Closed rmcar17 closed 11 months ago
Finished setting it up - though it appears to be semi-consistently generating supertrees with missing tips? Does it do that when there is not enough overlap?
Above was an issue with my code, it had all the tips but just an unexpected number of internal nodes at times (multifurcating)
BCD ends up scaling quite well for large numbers of taxa (given a relatively low number of input trees). Below image is on 1800 taxa with on the order of tens of input trees. Performs better than SCS there. It does not appear to scale well for large numbers of input trees however. Have a folder for birth-death trees of size 2000 taxa (hundreds of source trees) and SCS was able to handle it relatively quickly whereas BCD didn't return anything within approximately an hour time period.
Part of the reason for BCD's performance is the use of GSCM as a preprocessing step. This obtains a rough supertree which the method then refines. When this is disabled it usually goes faster (is it the or part of the cause of issues for many many trees with BCD?) but with a much worse matching distance. Currently setting up an experiment for 10,000 taxa with source trees of 1000-2000 in size.

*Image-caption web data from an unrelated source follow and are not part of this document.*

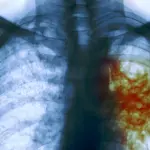 Tubercolosi, a Bologna torna la paura. I casi sono 67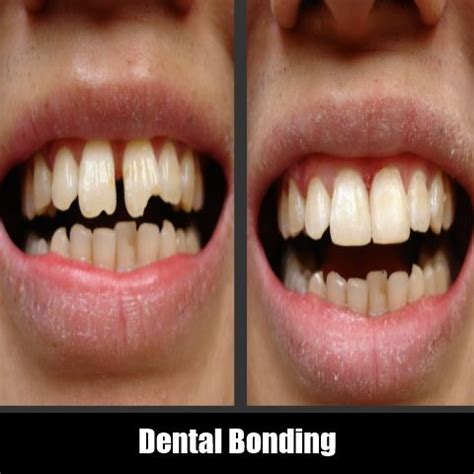 Dental Bonding Know what is dental bonding and what are the advantages and disadvantages of ...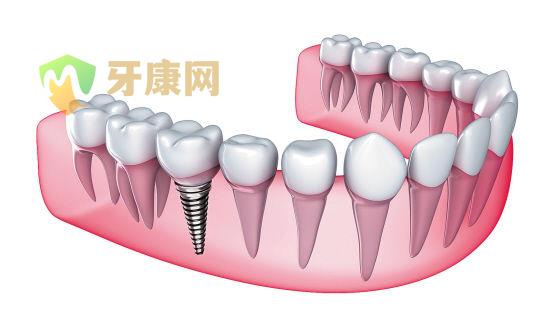 单颗牙种植后会出现松动么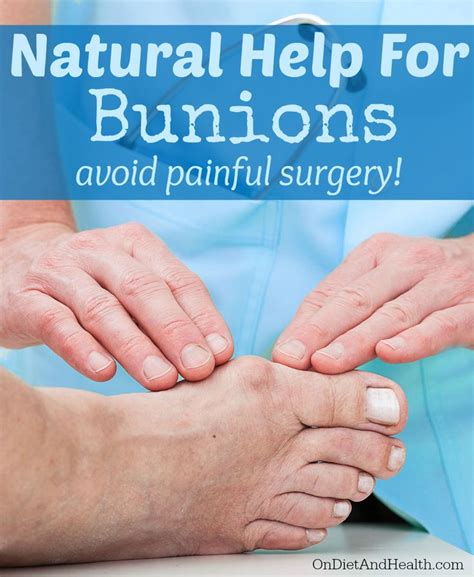 Natural help for #bunions - avoid painful surgery! OnDietAndHealth.com ...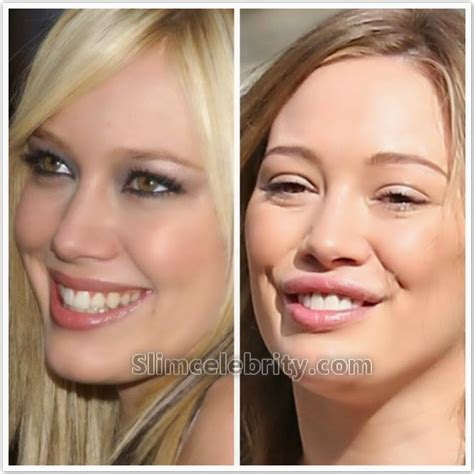 hillary duff nose job|Hilary Duff squeals as she gets nose swab taken during。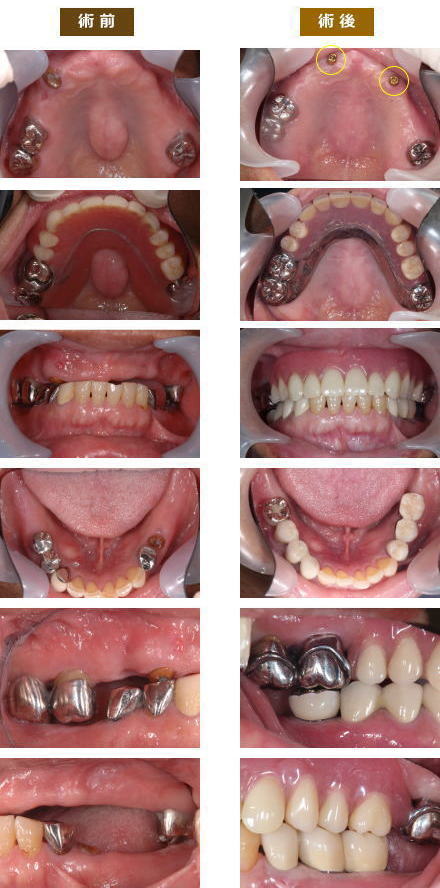 インプラント症例１１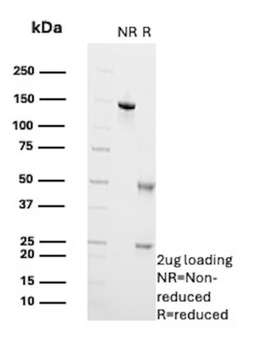 CEACAM5 Antibody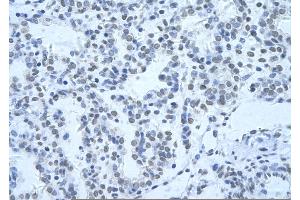 Rabbit Anti-HNRNPH3 Antibody       Paraffin Embedded Tissue:  Human alveolar cell   Cellular Data:  Epithelial cells of renal tubule  Antibody Concentration:   4.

On second thought, memory limitations - perhaps 4,000
Finished setting up the other datasets. Which one performs better seems largely dependent on the dataset itself in all honesty. For the datasets including up to 1,000 taxa, BCD outperforms SCS in terms of time. However for the up to 10,000 taxa (5,500 on average) dataset with approximately 500 trees per test, SCS finishes in a matter of minutes whereas I've been waiting for BCD to terminate for over an hour and it is still going.
I think the number of trees is playing a significant role here.
Re-reading the paper the best parameterisations for BCD on this dataset took 2-16 hours to solve each task. And the worst took almost 3 days. Wonder how the distance from the generated trees to the model compares for BCD vs SCS considering the time difference - if it finishes running (then the matching distance is relatively computationally expensive as well).
19 for more results comparing SCS and BCD after adding branch lengths.
Finished setting up the other datasets. Which one performs better seems largely dependent on the dataset itself in all honesty. For the datasets including up to 1,000 taxa, BCD outperforms SCS in terms of time. However for the up to 10,000 taxa (5,500 on average) dataset with approximately 500 trees per test, SCS finishes in a matter of minutes whereas I've been waiting for BCD to terminate for over an hour and it is still going.
and 45min later it is still going
Another supertree paper that I found (Tandy Warnow later published an overview of supertree methods and said this one was pretty goo, have to refind that paper...).
Paper: https://academic.oup.com/mbe/article/34/9/2408/3925278?login=false
Also contains more datasets, and performs some experiments which look relatively thorough. Could in the paper aim to replicate something like that.